Sustainable Development Goal 03: Good health and well-being

Sustainable Development Goals:
Goal 3: Good health and wellbeing
Goal 6: Clean water and sanitation
Goal 9: Industry, innovation and infrastructure

Background

Worker descending into a sewer via a ladder

Our Sewer Transfer Operations team is responsible for managing safe entry and exit to our 400 kilometres of gravity sewers.

They do this through the Sewer Transfer Access Approval process, which had long been facilitated via paper-based applications manually entered into a computer database – purpose-built for Melbourne Water in the 1990s.

This method required the following steps:

  1. Applications to enter the sewers would be submitted to the Operations team via email, face-to-face requests or fax.
  2. The operations team would type or copy and paste the information into the database, which was only available on one computer based in the control room.
  3. The applicant would collect a hardcopy Sewer Access Permit in person before heading out to site.
  4. Once on site, the applicant was required to phone the control room and quote the approval number to register their entry to the sewer.

This process ensured that a record was kept of each of the approximately 1,500 sewer access applications received each year, but it was also cumbersome.
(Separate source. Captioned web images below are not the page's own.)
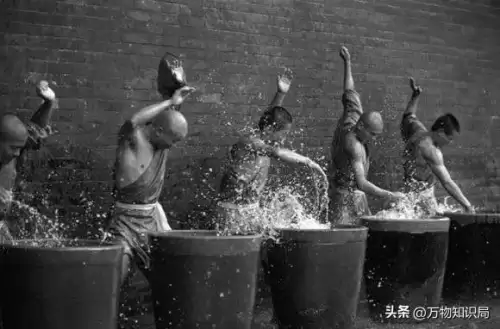 功夫少林1　少林功夫小子电影-第2张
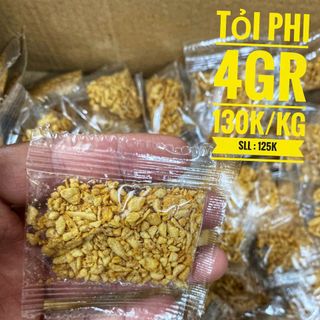 Tỏi Phi Gói 4gr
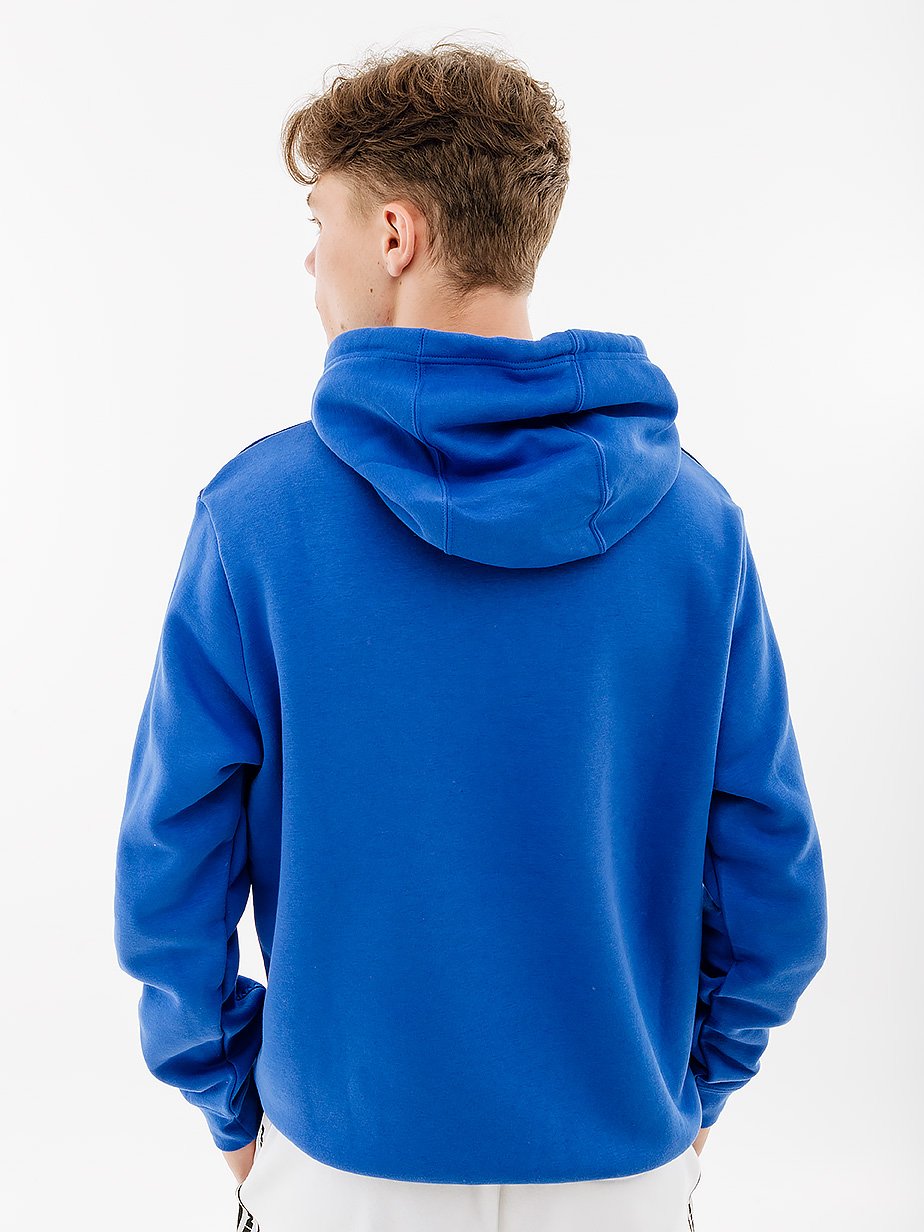 Джемпер Nike FLC HOODIE BB XL, фото №2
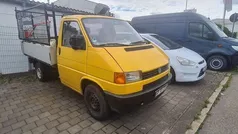 Gebraucht 1992 VW T3 Van | 3.999 €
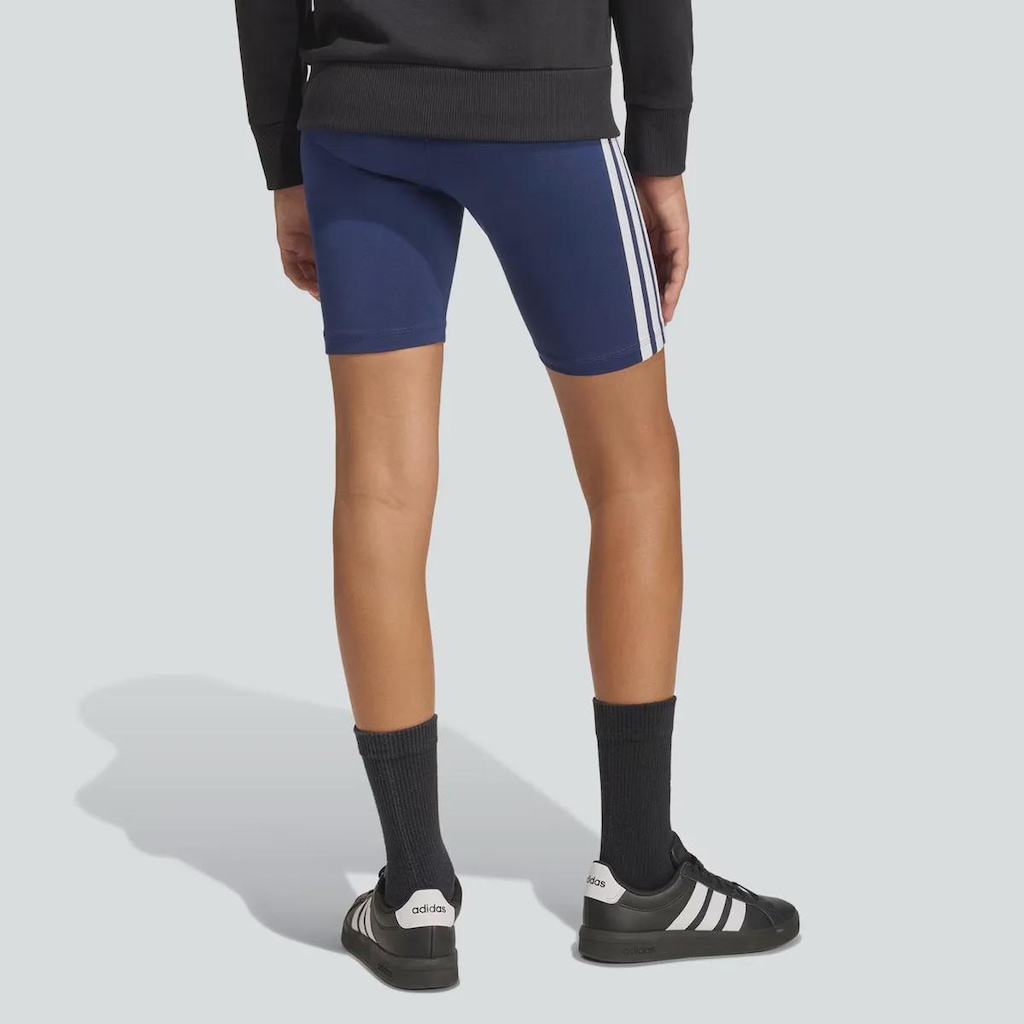 Imagem 2 do produto Shorts adidas Biker Infantil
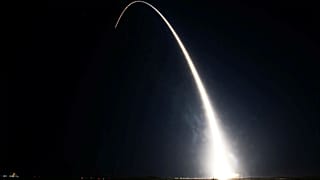  ماهواره ICESat-2 ناسا به مدار زمین فرستاده می شود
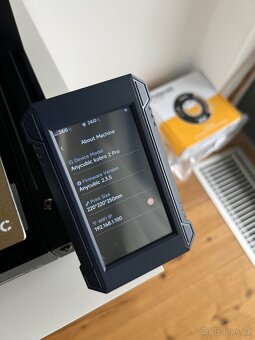 Anycubic Kobra 2 Pro 3D tiskárna - 7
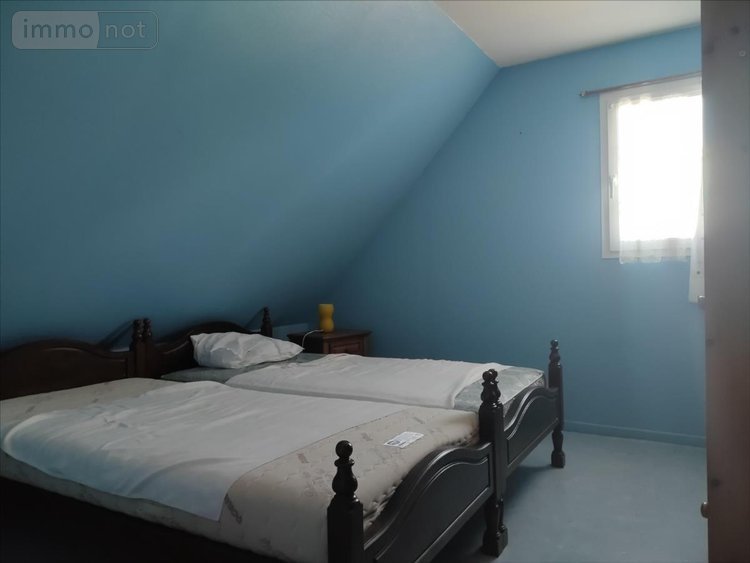 Maison a vendre Cléden-Cap-Sizun 29770 Finistère 80 m2 7 pièces 291300 euros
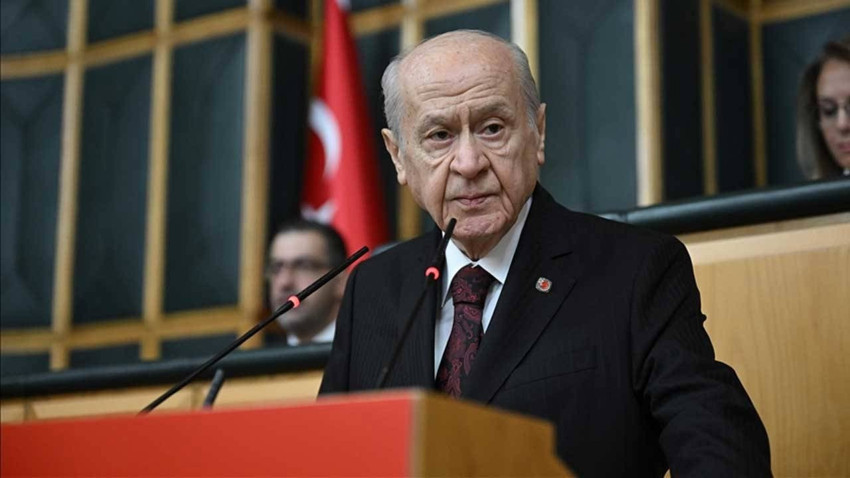 Bahçeli’den TRÇ İttifakı ve Türkiye’nin küresel rolü vurgusu: 'Ne yaptığımızı biliyoruz'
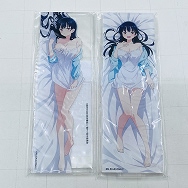 僕の心のヤバイやつ Mios限定 アクリルスタンド ヨコ型 山田杏奈 パジャマver. 2種セット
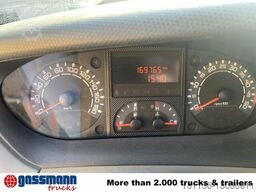 Iveco Daily 35S12 2,3 HPI 4x2, 8 Sitzplätze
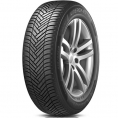 Маленькое фото товара - 215/60/17 96V Hankook Kinergy 4S2 X H750A. Вариант №1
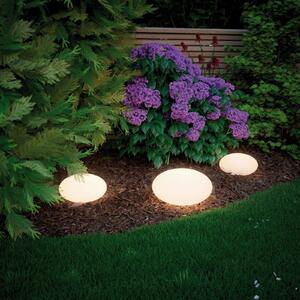 Paulmann Plug & Shine LED dekorativní světlo Stone 35 cm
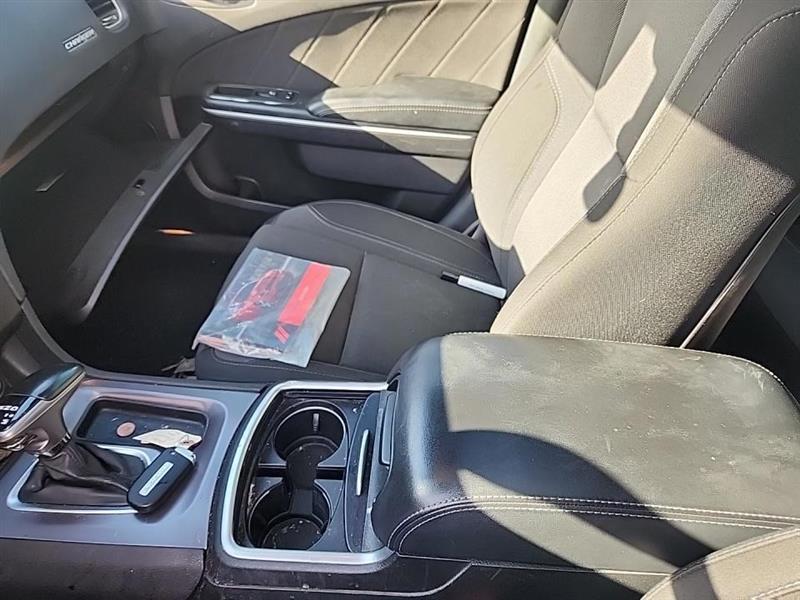used 2019 Dodge Charger car, priced at $14,990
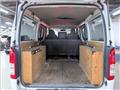 2019 Toyota Hiace Van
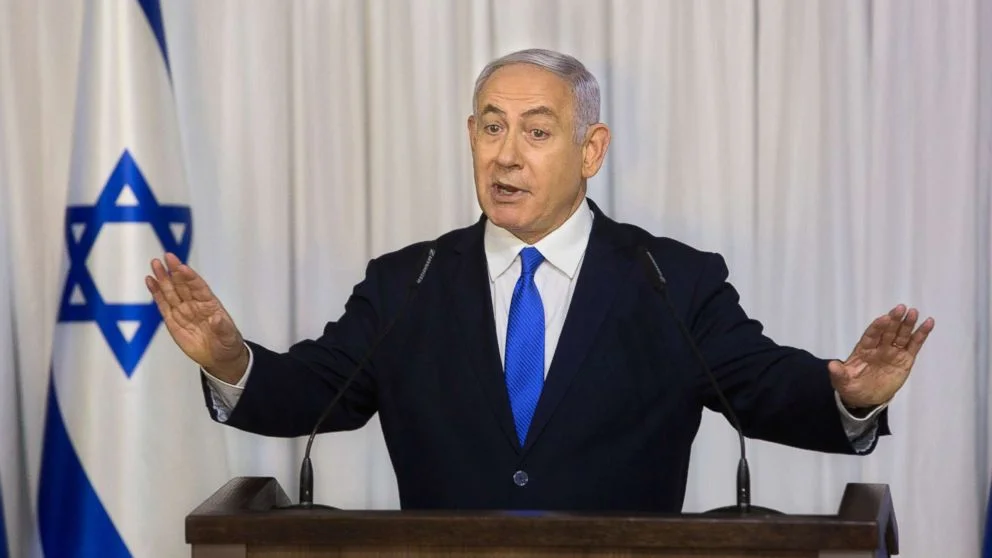 benjamin-netanyahu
Finding information on who had entered or exited the sewer was time consuming, and access was limited to times when the control room was able to provide oversight as to who was in a Melbourne Water sewer at any given time.

Project focus

To address this issue we developed a new digital platform called the Access Request System for Sewerage Transfer.

Designed to reduce manual input, the new system offers a more streamlined process by removing the need for paper forms and untracked email requests, and instead allows more time for review of the works and easier tracking by phone, email or the system itself.

Electronic forms automatically record the:

  • global position system (GPS) location of the requested work
  • proposed date
  • contact details for the work leader.

Once requests are approved, the new system automates emails and SMS approval notifications, replacing the signed piece of paper, which could potentially be misplaced.

After an applicant ‘calls in’, the control room can record ‘live’ sewer entries with a visible countdown to track when contractors are expected to be out of the sewer.

Outcomes

This system has reduced potential human error through tracking and recording information and provided a safer outcome for managing potentially high-risk work in the sewer. The new process also has the capacity to accommodate other areas of service delivery in the future.